= Work instruction =
With every picture left out, give the data below back exactly.

= Dataset extract =
___
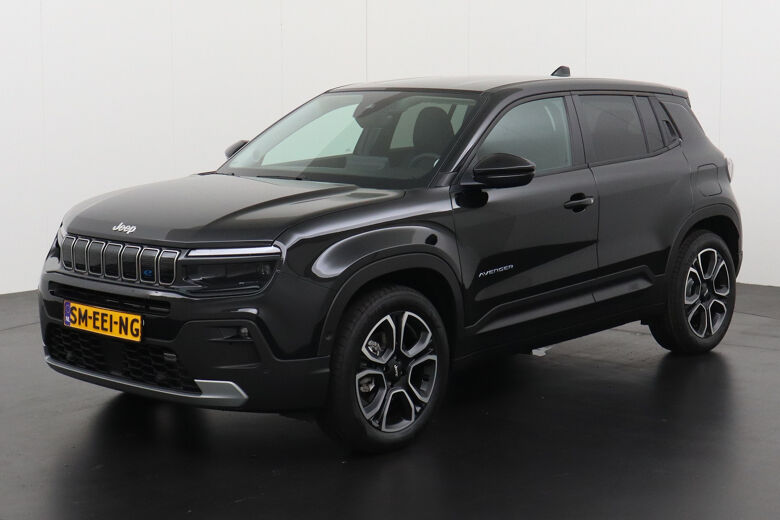 Jeep Avenger 1st Edition 54kWh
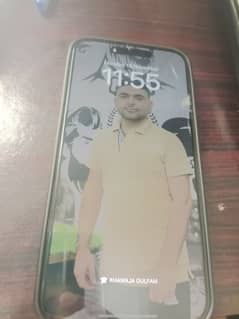 Good Condition iphone 14 pro max 128gb dual physical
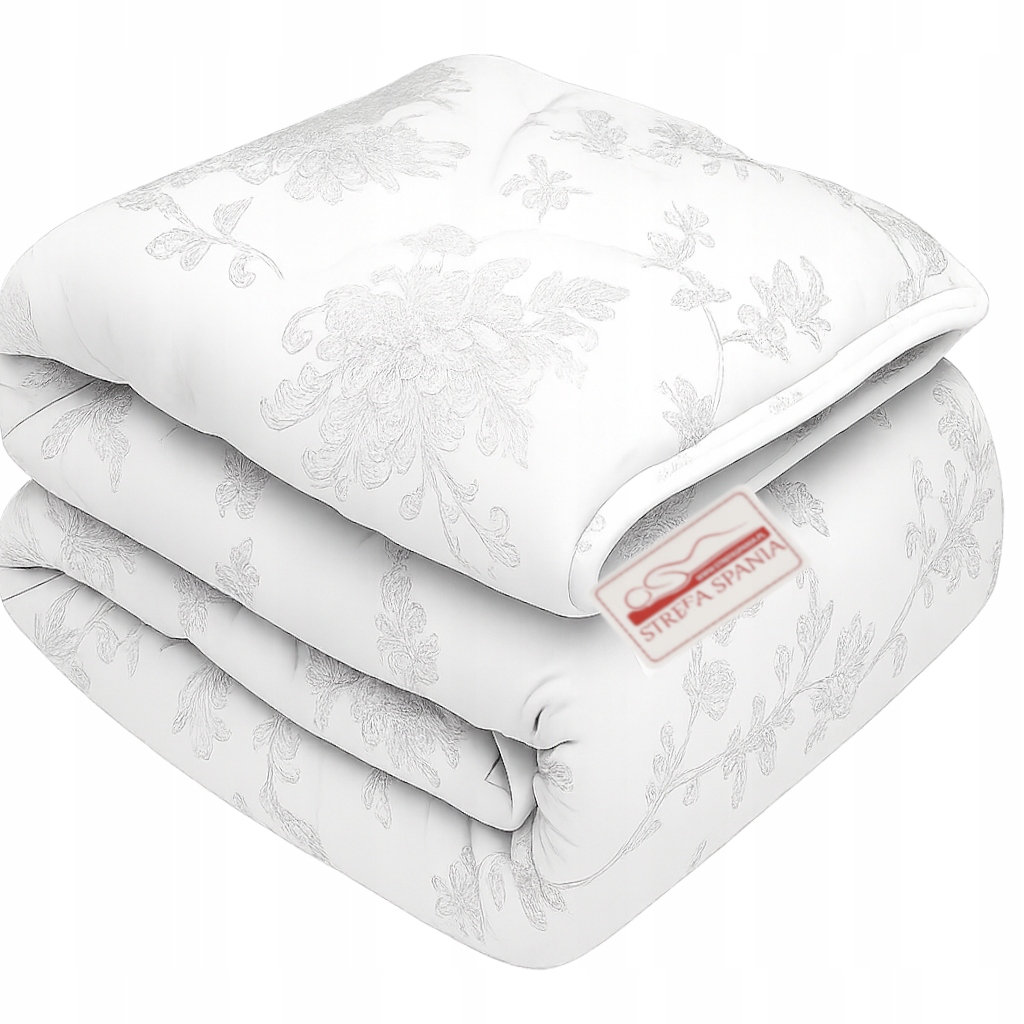 Celoroční Přikrývka 160x200 teplá, lehká, antialergická Polská výroba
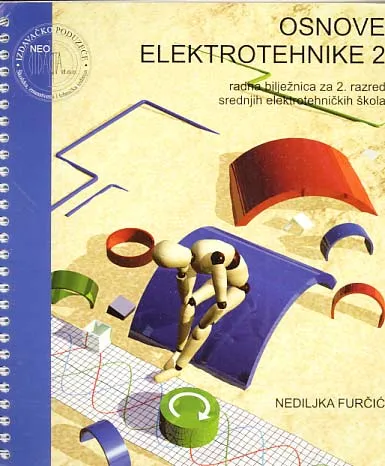 Osnove elektrotehnike 2: radna bilježnica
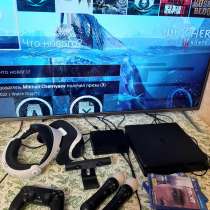 Sony PlayStation 4 Slim 1 tb + VR комплект, в Волгограде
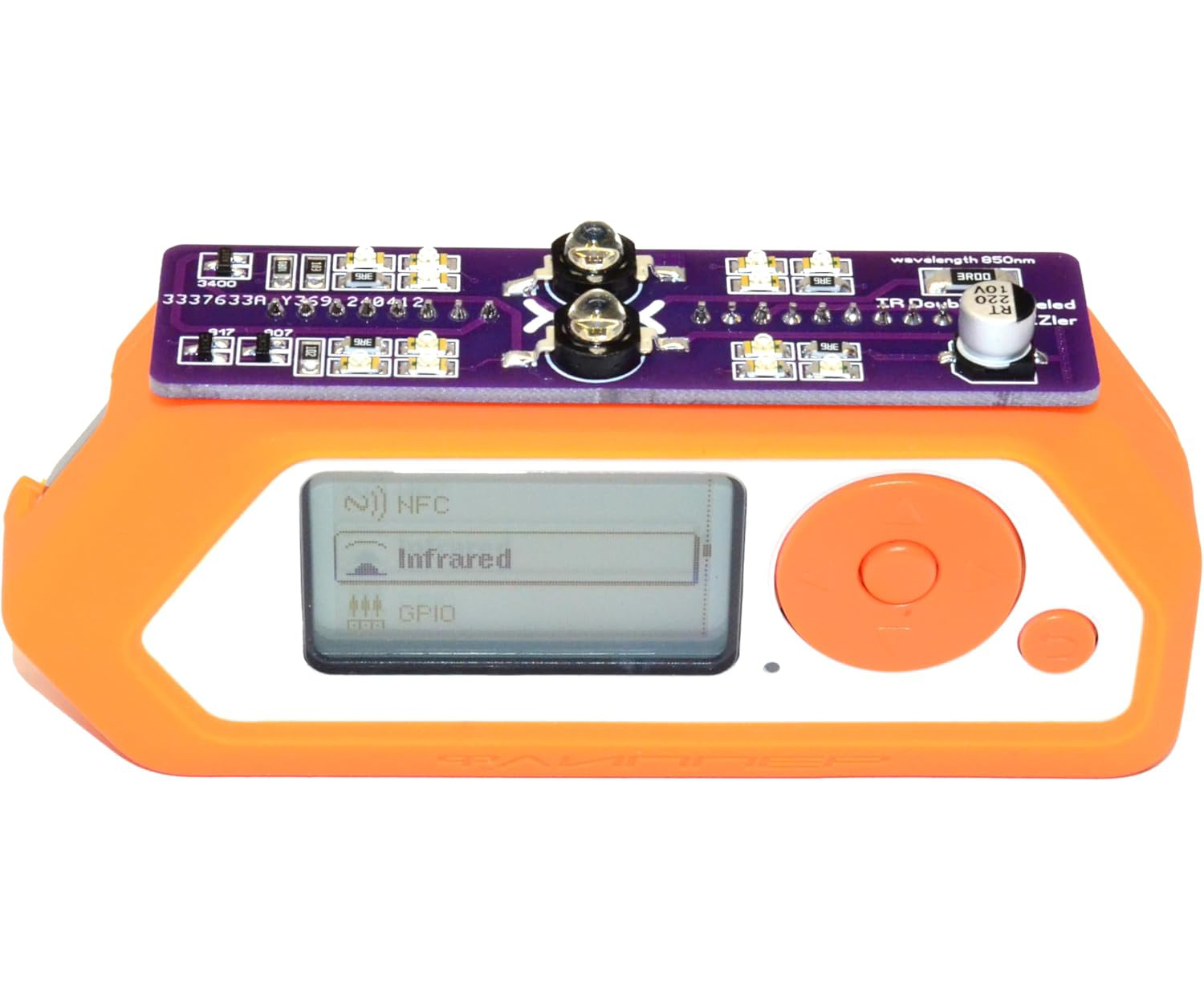 Nowy, ulepszony dwuogniskowy b – Ir Blaster Universal recenzja i cena
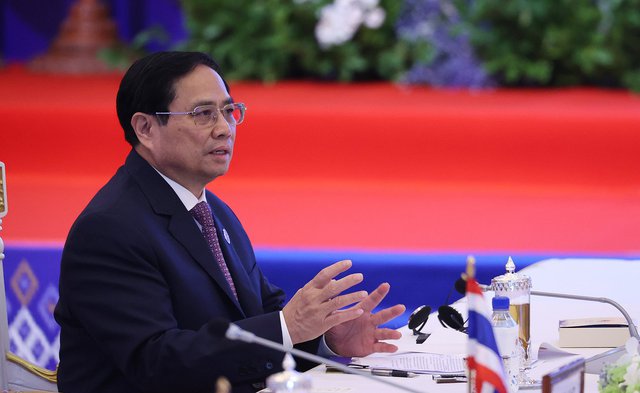 Thủ tướng khẳng định ASEAN sẵn sàng làm 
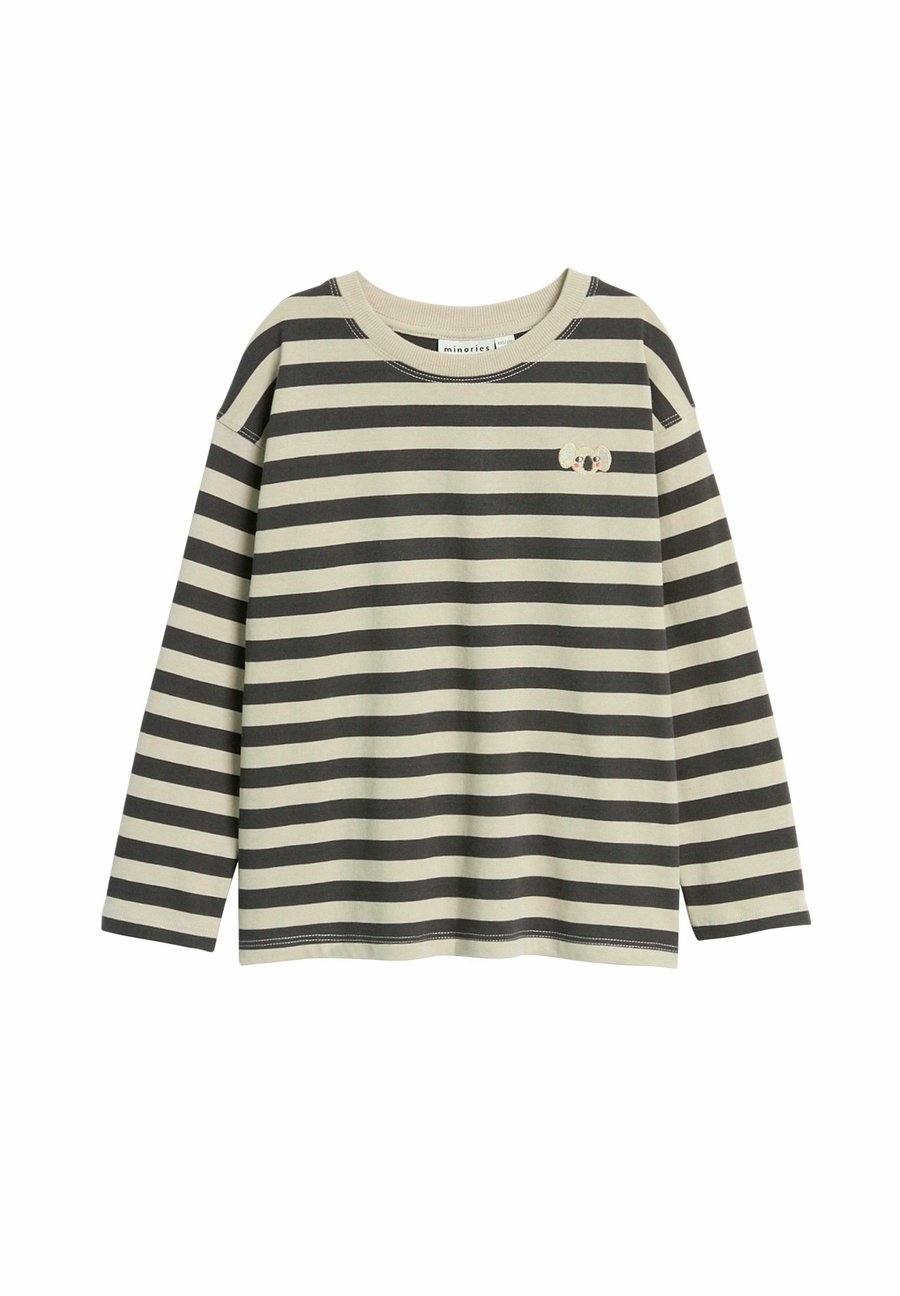 Джемпер Minories STRIPED , Black
Джемпер Minories STRIPED , Black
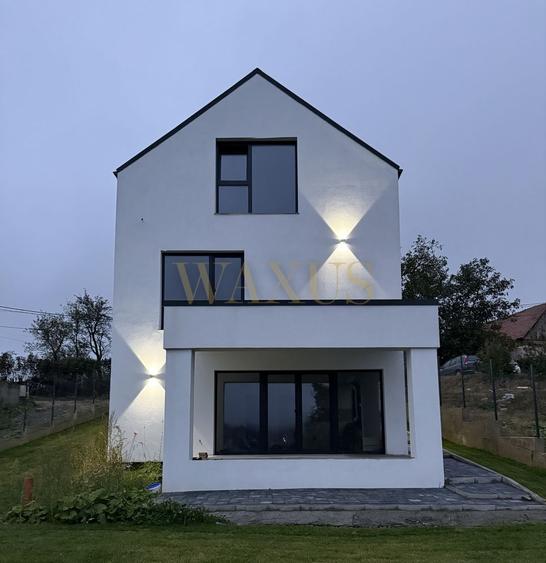 Casa Individuala In Feleacu - 160MP I Teren 873MP I Panorama Superba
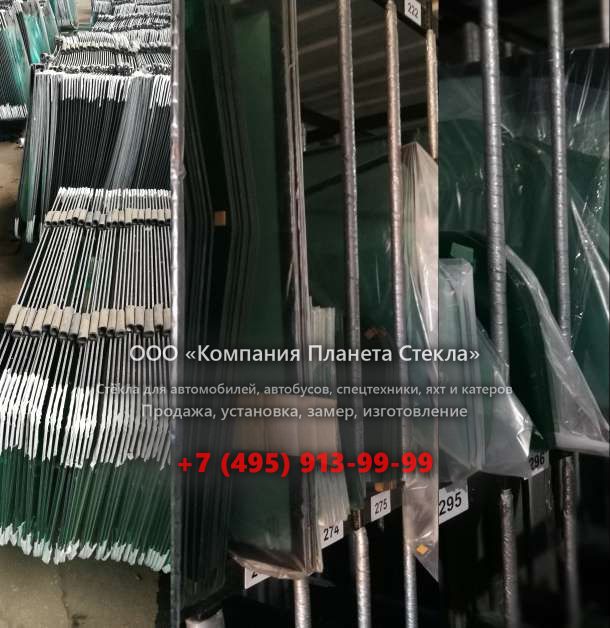 Стекло для грунтовых катков Ammann ASC 100 HT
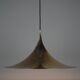 Semi-vintage Danish pendant lamp by Bonderup and Thorup, Fog and Morup, 1968.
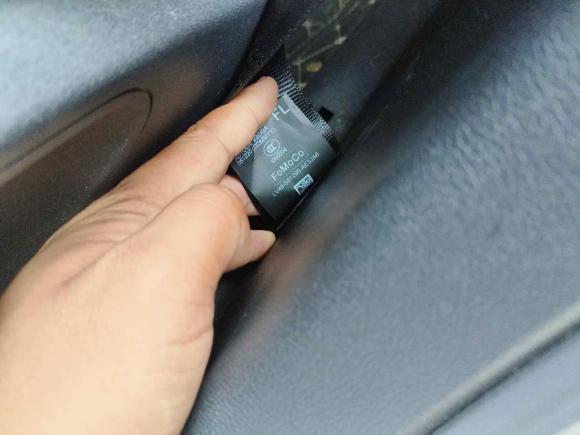 [苏州·苏E] 二手福特锐际2020款 EcoBoost 245 四驱纵享款ST-LINE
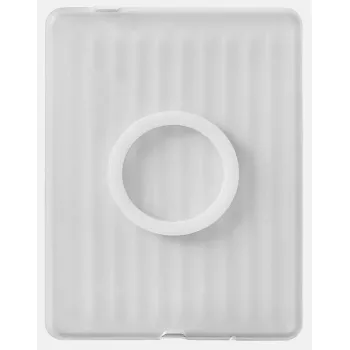 Onyx BOOX OCV0567R TPU-Rückseitenhülle für 6-Zoll-E-Reader (Go 6 Gen 2) - Schwarz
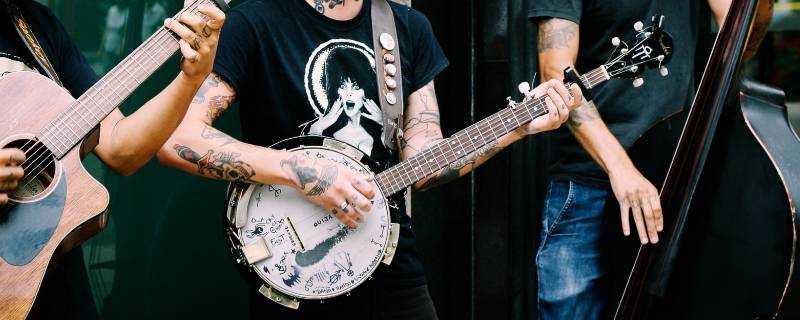 banjo是什麼樂器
___
= Answer space =
 Jeep Avenger 1st Edition 54kWh
 Good Condition iphone 14 pro max 128gb dual physical
 Celoroční Přikrývka 160x200 teplá, lehká, antialergická Polská výroba
 Osnove elektrotehnike 2: radna bilježnica
 Sony PlayStation 4 Slim 1 tb + VR комплект, в Волгограде
 Nowy, ulepszony dwuogniskowy b – Ir Blaster Universal recenzja i cena
 Thủ tướng khẳng định ASEAN sẵn sàng làm 
 Джемпер Minories STRIPED , Black
Джемпер Minories STRIPED , Black
 Casa Individuala In Feleacu - 160MP I Teren 873MP I Panorama Superba
 Стекло для грунтовых катков Ammann ASC 100 HT
 Semi-vintage Danish pendant lamp by Bonderup and Thorup, Fog and Morup, 1968.
 [苏州·苏E] 二手福特锐际2020款 EcoBoost 245 四驱纵享款ST-LINE
 Onyx BOOX OCV0567R TPU-Rückseitenhülle für 6-Zoll-E-Reader (Go 6 Gen 2) - Schwarz
 banjo是什麼樂器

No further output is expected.